## Data supplied
################

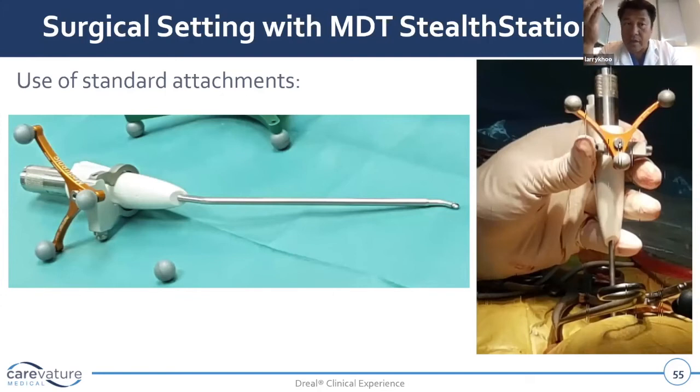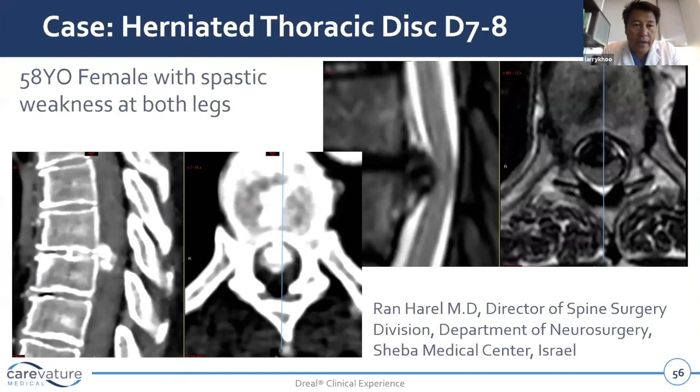Especially overseas, you can use BrainLab, Stryker, and the Medtronic stations — they can all be used to register the tool. It won't give you a graphic of the whole tool, but it'll certainly let you know where the tip of it is.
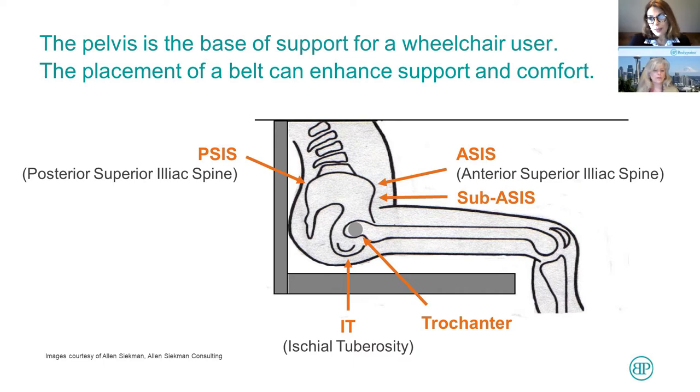Before I talk about the placement of the belts and the attachment hardware, I want to step back a little bit to give you some clinical relevance of why it's important to place postural support in the most optimal position for the client. Let's look at the human body. Here we have a drawing of a pelvis from the side. We have our ischial tuberosities — the IT — and right above it, a little bit in front, is the trochanter. I think of the trochanter as sort of the hinge point that allows you to move forward and back.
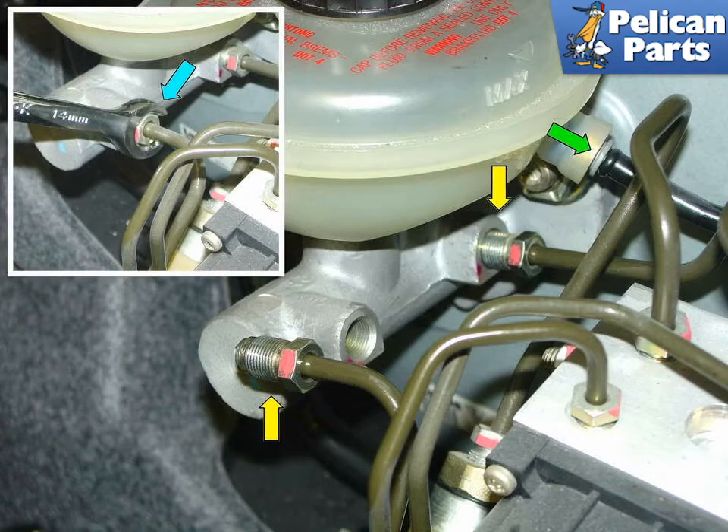Then disconnect the clutch system supply tube indicated by the green arrow. Then disconnect the two brake lines attached to the side of the master cylinder. Only use a flared nut wrench, as indicated by the blue arrow insert picture, as you otherwise may end up damaging the connectors on the line.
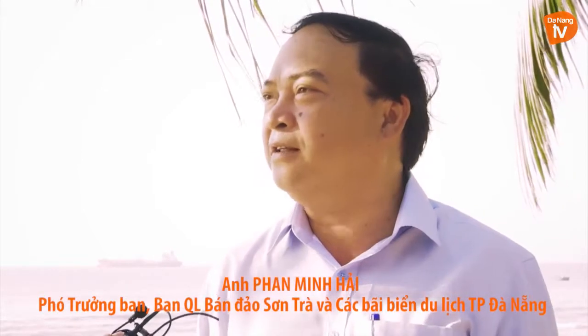Xin chào anh Hải, anh có thể chia sẻ một chút về tiềm năng du lịch của bãi biển Mân Thái được không ạ? Bãi biển Mân Thái rất là đẹp, bãi cát thoải, nước rất là êm và rất gần với bán đảo Sơn Trà. Nó nằm trên chuỗi kết nối những điểm du lịch của biển và bán đảo, nên tiềm năng để phát triển du lịch ở khu vực này rất lớn, rất là cần thiết.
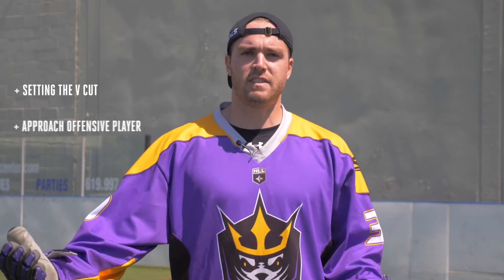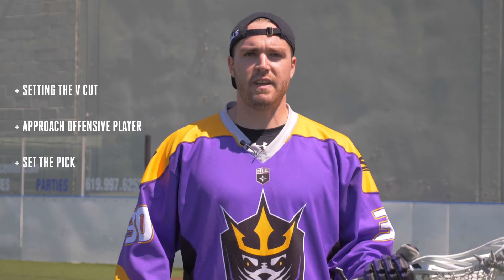Today we learned how to set a proper down pick. We want to start by setting a good V-cut, then run out to our offensive player and set a good pick with our feet still so that they have a great lane to go to the goal and score. Thank you for joining us on another SEALS Skills Academy.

################

## What to work on
Omitting all pictures, set the listing down exactly.

## Written solution
Especially overseas, you can use BrainLab, Stryker, and the Medtronic stations — they can all be used to register the tool. It won't give you a graphic of the whole tool, but it'll certainly let you know where the tip of it is.
Before I talk about the placement of the belts and the attachment hardware, I want to step back a little bit to give you some clinical relevance of why it's important to place postural support in the most optimal position for the client. Let's look at the human body. Here we have a drawing of a pelvis from the side. We have our ischial tuberosities — the IT — and right above it, a little bit in front, is the trochanter. I think of the trochanter as sort of the hinge point that allows you to move forward and back.
Then disconnect the clutch system supply tube indicated by the green arrow. Then disconnect the two brake lines attached to the side of the master cylinder. Only use a flared nut wrench, as indicated by the blue arrow insert picture, as you otherwise may end up damaging the connectors on the line.
Xin chào anh Hải, anh có thể chia sẻ một chút về tiềm năng du lịch của bãi biển Mân Thái được không ạ? Bãi biển Mân Thái rất là đẹp, bãi cát thoải, nước rất là êm và rất gần với bán đảo Sơn Trà. Nó nằm trên chuỗi kết nối những điểm du lịch của biển và bán đảo, nên tiềm năng để phát triển du lịch ở khu vực này rất lớn, rất là cần thiết.
Today we learned how to set a proper down pick. We want to start by setting a good V-cut, then run out to our offensive player and set a good pick with our feet still so that they have a great lane to go to the goal and score. Thank you for joining us on another SEALS Skills Academy.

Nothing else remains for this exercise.